Given a system that is replicated and sharded across numerous nodes, we have an interface that practices Representational State Transfer (REST),
wherein certain endpoints, when accessed, can either:
- Add a key value pair to the store
- Update a key value pair to the store
- Delete a key value pair in the store
- Print out all key value pairs in the store (across all shards)
All operations are completely causually consistent, where causal order of events are enforeced (similar to a Distributed System).
How the system detects when a replica goes down:
The system can detect when a replica is down when we broadcast messages (and we only broadcast messages that we receive
from the client that also change our database i.e. we don’t broadcast GETs). It detects a down replica when it first pings
that replica whilst waiting for a timeout — if the ping times out within 1 second, then we consider the replica down. After
this step we then update the views of all other replicas to reflect this.
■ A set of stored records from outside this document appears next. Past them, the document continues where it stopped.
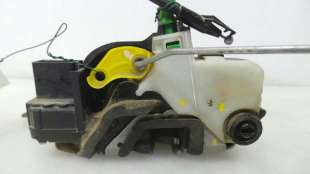 Recambio de cerradura puerta trasera izquierda para opel astra j lim. 2009-2015 enjoy referencia OEM IAM 13578024 13578024 13578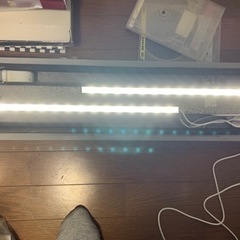 鉄道部品　駅　駅名板　電灯　USBライト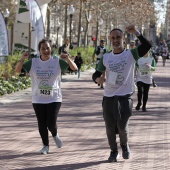 VII Marcha contra el cáncer en Castelló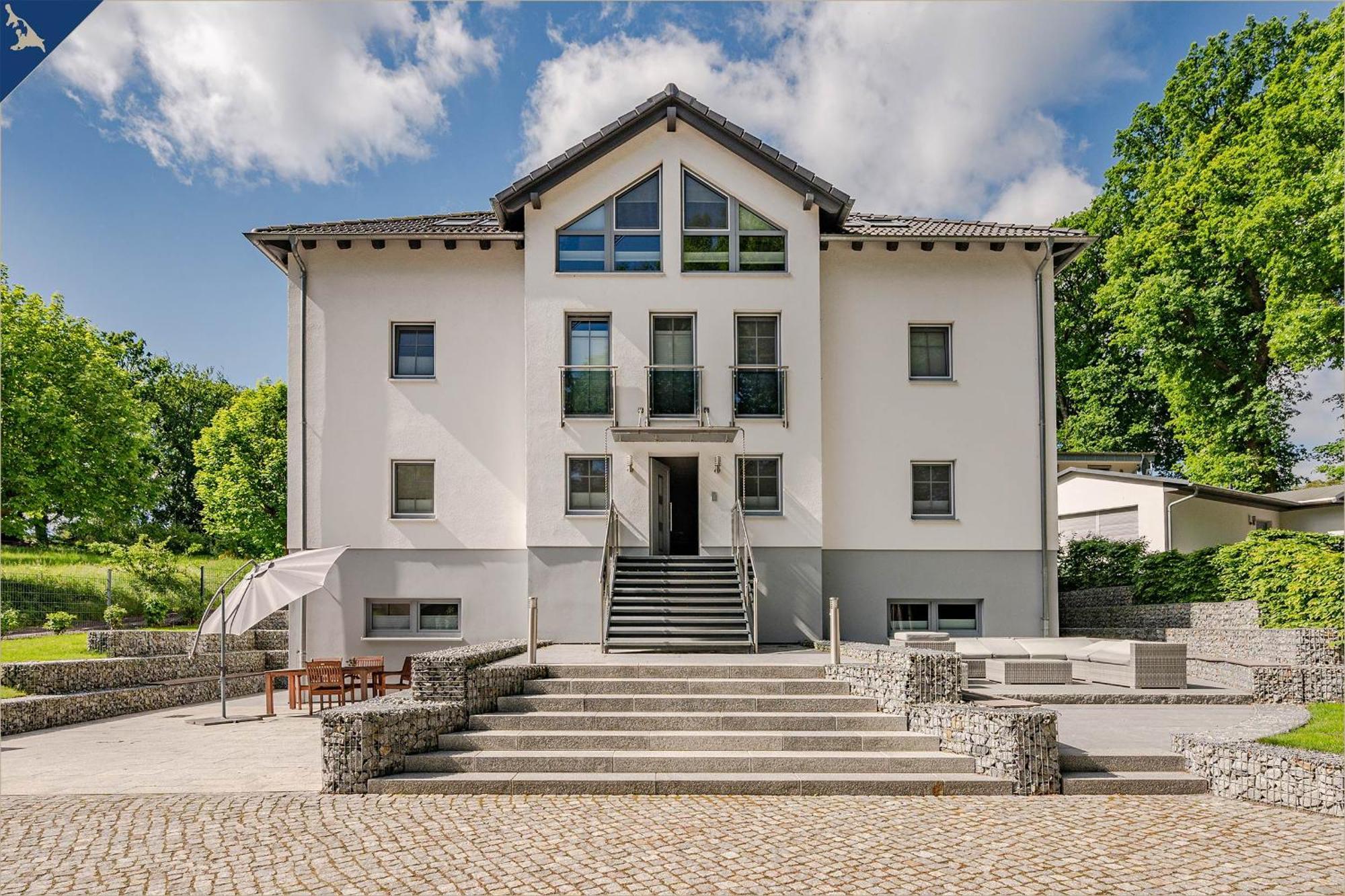 Villa Doris Bng 9 Auritz Heringsdorf  Exterior foto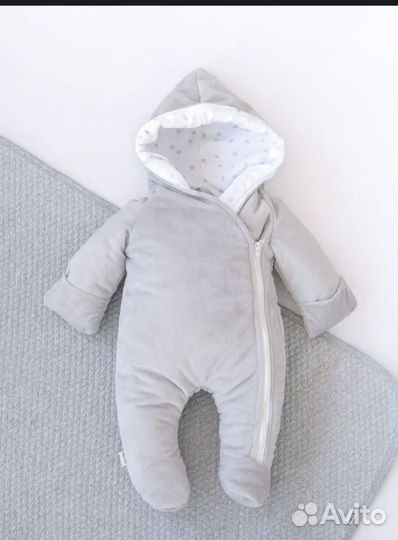 Комплект на выписку весна -осень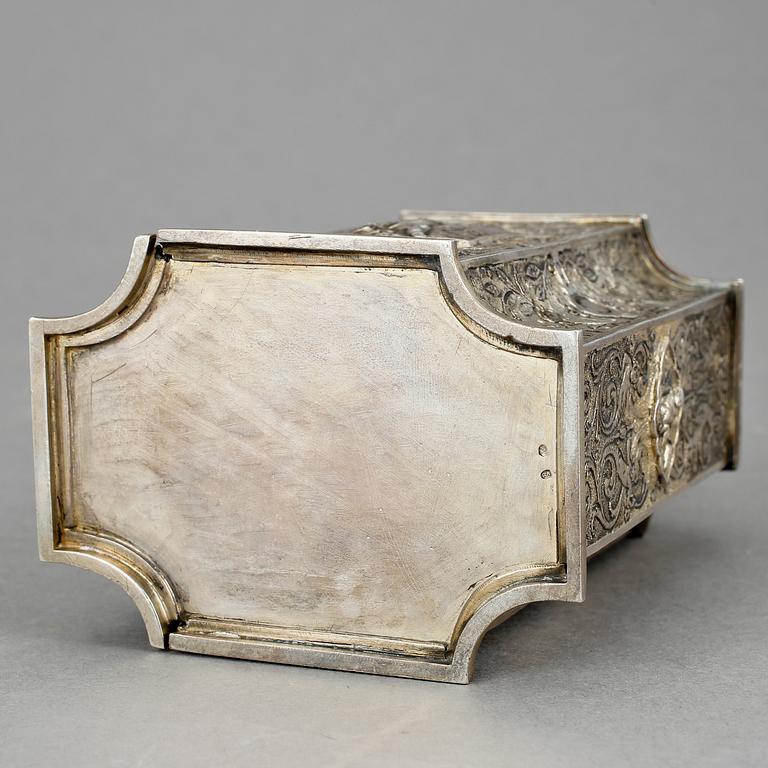 TEDOSA, silver, Europa, 1900-talets första hälft. Vikt ca 425 gram.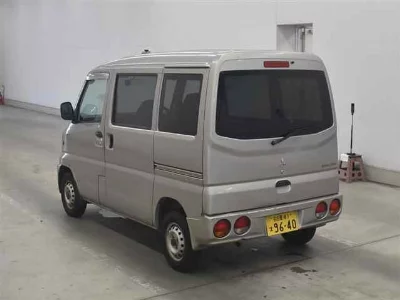 Mitsubishi Minicab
How the system tracks causal dependencies:
Our system is very similar to CBCAST Vector Clocks, wherein vector clocks increment at the sender
index on Sends. In order to detect violations, we first check if the metadata is nil, if it isnt, then we check if the metadata
is from the client. If it is, we make sure that the request vector is <= the local vector at all indexes or else there’s a consistency
violation. If the metadata is from a replica, then we make sure the vector clock’s value at the senders index is 1 greater than
the local vector’s and <= at all other indexes or else there is another violation.
How the system divides nodes into shards:
Our system divides nodes into shards by first keeping all the node IP’s in an array. We then modulo the index of each of these IP’s
by the number of shards, which will return a number from 0 to shardCount – 1. We then decide which shard the node belongs to based
off of that (we essentially evenly distribute the nodes to shards).
How the system shards keys across nodes:
First we created a hash function, which takes a go hash library and returns an integer which we then modulo with the shard count to
produce an integer between 0 and shardCount-1 (lets call this value x). we then have variable ‘hashToIndexArr’ which is an array of
all the shard ID’s. We can find the key to shard mapping by indexing the array by the value x we got earlier to know what shard the
key belongs to.